Gardet's official name for the Golden Boy sculpture is "Eternal Youth".
Twelve hectares of landscaped grounds surround the building.
An electric light was added to the Golden Boy's torch in 1966 & was lit on December 31, 1966 to mark Canada's centennial; the light was removed during the 2002 restoration.
There were 67 submissions in the architectural design competition for the building.
The Golden Boy was originally painted in gold but was gilded in 1951.
Gardet also sculpted the bronze statues of lawmakers Moses and Solon that are in niches on each side of the speakers chair in the legislative chamber.
Sculptor George Gardet of Paris modelled the Golden Boy and the two life-size bison in the lobby.
The Golden Boy is modeled on the 16th century sculpture of Mercury by Giovanni da Bologna.
The names of five great world legislators, Confucius of China, Justinian of Rome, King Alfred of England, Lycurgus of Greece and Manu of India are carved on stone tablets and mounted on the walls of the legislative chamber.

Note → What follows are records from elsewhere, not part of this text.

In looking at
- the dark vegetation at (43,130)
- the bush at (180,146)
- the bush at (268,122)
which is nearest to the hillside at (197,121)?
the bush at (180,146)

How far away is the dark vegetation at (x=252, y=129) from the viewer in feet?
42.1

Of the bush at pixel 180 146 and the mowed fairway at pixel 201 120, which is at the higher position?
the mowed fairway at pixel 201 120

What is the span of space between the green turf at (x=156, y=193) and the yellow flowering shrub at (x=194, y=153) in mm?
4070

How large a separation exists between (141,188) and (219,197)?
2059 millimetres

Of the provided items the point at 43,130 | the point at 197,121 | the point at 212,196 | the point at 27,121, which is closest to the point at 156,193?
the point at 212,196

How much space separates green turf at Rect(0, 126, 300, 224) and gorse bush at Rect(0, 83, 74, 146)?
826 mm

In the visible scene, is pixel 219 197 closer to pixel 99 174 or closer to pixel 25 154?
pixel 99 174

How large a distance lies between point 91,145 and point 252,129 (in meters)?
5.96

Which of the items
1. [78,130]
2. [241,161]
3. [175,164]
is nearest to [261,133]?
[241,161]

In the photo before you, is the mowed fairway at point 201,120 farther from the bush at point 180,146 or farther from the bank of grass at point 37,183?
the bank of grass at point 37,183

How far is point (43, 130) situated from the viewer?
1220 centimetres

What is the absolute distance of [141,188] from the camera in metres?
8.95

The bison sculptures beside the grand staircase weigh 2,268 kilograms each.
Building architect Simon and sculptor Gardet both attended the Paris School of Art at the same time.
Manitoba's Legislative Building, principal among public buildings in the province, accommodates the legislative assembly, its committees and staff, as well as offices for the ministers and deputy ministers of all government departments.
The four sculpture groups at the four corners of the tower at the base of the building's dome represent agriculture, art, industry and science.
$5,600 of tissue-thin 24-carat gold foil was applied one sheet at a time over special yellow primer on the statue as part of the restoration project.
Government House; the official residence of the Lieutenant-Governor of Manitoba is situated on the east side of the grounds.
The winning designer was awarded a $10,000 cash prize.
The Golden Boy statue was lifted down from the Legislative Building dome by crane on Saturday, Feb. 9, 2002 for a complete $1.1 million restoration.
Became a provincially designated heritage site on May 12th, 1989.
The tyndall stone used on the exterior was quarried at Garson,just east of Lockport Manitoba.
The Golden Boy, a 4.9 metre high statue on top of the Legislative Building's dome, is one of Manitoba's most famous symbols.